Logistic Regression in Python
January 06, 2023
Logisitic regresssion allows you to determine the probability of events with binary outcomes. It also enables you to assess the accuracy of binary predictive models.
Logistic regression in simplest terms is a problem of binary classification: given a set of measurements on individuals in a population, can we predict which individuals do (or don't) have a certain property? For example: can we predict whether a potential customer will make a new purchase based on their browsing time, income, and past purchases? Can we predict whether a bus will be late based on time of day, weather, and month?

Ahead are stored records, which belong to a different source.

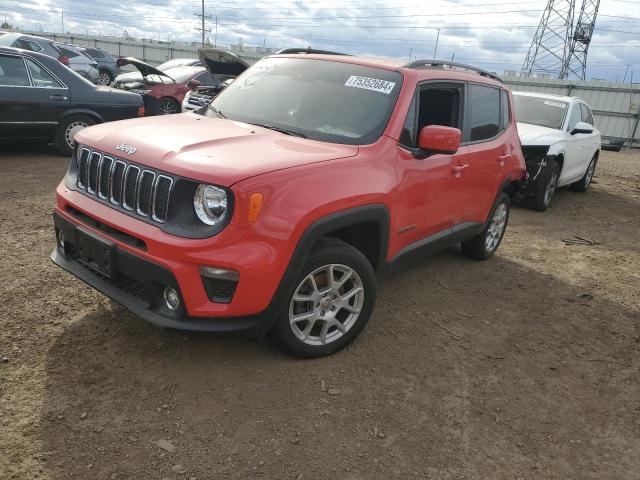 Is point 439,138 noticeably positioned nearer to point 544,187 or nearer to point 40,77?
point 544,187

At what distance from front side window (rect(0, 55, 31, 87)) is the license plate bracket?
18.8 feet

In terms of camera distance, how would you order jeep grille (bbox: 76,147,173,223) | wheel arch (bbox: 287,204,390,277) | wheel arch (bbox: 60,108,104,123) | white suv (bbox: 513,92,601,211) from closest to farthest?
jeep grille (bbox: 76,147,173,223)
wheel arch (bbox: 287,204,390,277)
white suv (bbox: 513,92,601,211)
wheel arch (bbox: 60,108,104,123)

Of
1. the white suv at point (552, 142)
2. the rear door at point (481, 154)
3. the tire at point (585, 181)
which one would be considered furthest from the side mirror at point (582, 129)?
the rear door at point (481, 154)

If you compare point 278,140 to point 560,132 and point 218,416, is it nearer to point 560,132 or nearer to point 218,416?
point 218,416

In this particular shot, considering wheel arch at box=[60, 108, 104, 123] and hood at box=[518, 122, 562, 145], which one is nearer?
hood at box=[518, 122, 562, 145]

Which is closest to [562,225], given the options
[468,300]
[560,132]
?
[560,132]

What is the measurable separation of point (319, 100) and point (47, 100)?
18.9 feet

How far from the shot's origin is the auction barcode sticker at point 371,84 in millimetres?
3691

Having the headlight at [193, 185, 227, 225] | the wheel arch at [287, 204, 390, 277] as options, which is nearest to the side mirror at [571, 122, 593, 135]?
the wheel arch at [287, 204, 390, 277]

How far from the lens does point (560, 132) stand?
8266 mm

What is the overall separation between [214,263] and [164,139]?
901 mm

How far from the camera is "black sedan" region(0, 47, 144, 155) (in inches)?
296

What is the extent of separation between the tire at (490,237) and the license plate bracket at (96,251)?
3.58 meters

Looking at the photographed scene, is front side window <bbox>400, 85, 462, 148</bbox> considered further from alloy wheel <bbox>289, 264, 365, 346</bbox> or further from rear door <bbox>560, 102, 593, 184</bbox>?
rear door <bbox>560, 102, 593, 184</bbox> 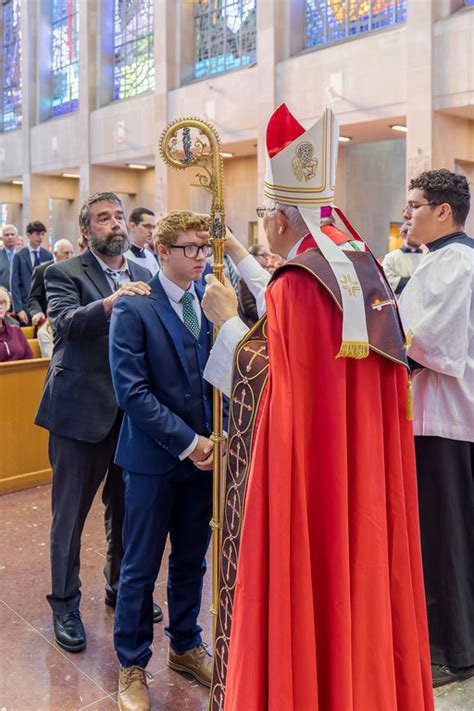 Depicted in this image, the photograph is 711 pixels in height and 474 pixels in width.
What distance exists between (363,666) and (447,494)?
1275 millimetres

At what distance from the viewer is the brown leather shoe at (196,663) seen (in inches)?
116

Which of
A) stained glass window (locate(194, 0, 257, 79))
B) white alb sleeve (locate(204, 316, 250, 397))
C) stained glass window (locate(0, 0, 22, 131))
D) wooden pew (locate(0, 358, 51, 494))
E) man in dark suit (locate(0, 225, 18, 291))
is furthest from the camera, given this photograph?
stained glass window (locate(0, 0, 22, 131))

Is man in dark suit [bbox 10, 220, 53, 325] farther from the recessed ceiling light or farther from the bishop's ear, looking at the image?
the bishop's ear

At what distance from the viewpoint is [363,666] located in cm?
203

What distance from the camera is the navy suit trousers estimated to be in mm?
2721

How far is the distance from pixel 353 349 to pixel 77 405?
1687 millimetres

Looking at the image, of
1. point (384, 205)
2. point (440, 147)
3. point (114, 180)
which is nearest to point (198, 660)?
point (440, 147)

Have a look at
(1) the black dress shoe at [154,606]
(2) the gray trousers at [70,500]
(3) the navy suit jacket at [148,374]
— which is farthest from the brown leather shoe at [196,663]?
(3) the navy suit jacket at [148,374]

As with ordinary least squares linear regression, we will build a logistic regression model based on independent x-variables (predictors) with the goal of predicting the dependent y-variable (response). In OLS models, the y-variable is continuous; in logistic regression, the y-variable is binary (typically coded 1 for "yes" and 0 for "no").
The data and classification problem
To demonstrate logistic regression in practice using Python, we consider the problem of classifying the origin of glasses found at crime scenes. The data for 214 glass samples found in glass.csv are available under a Creative Commons Attribution 4.0 International (CC BY 4.0) licence and is hosted at the UCI ML Repository.
For each glass sample, the researchers recorded its glass type and measured its refractive index (RI) and its weight percent in corresponding sodium (Na), magnesium (Mg), aluminum (Al), silicon (Si), potassium (K), calcium (Ca), barium (Ba), and iron (Fe). Our goal is to determine whether the glass is non-float building glass (type 1).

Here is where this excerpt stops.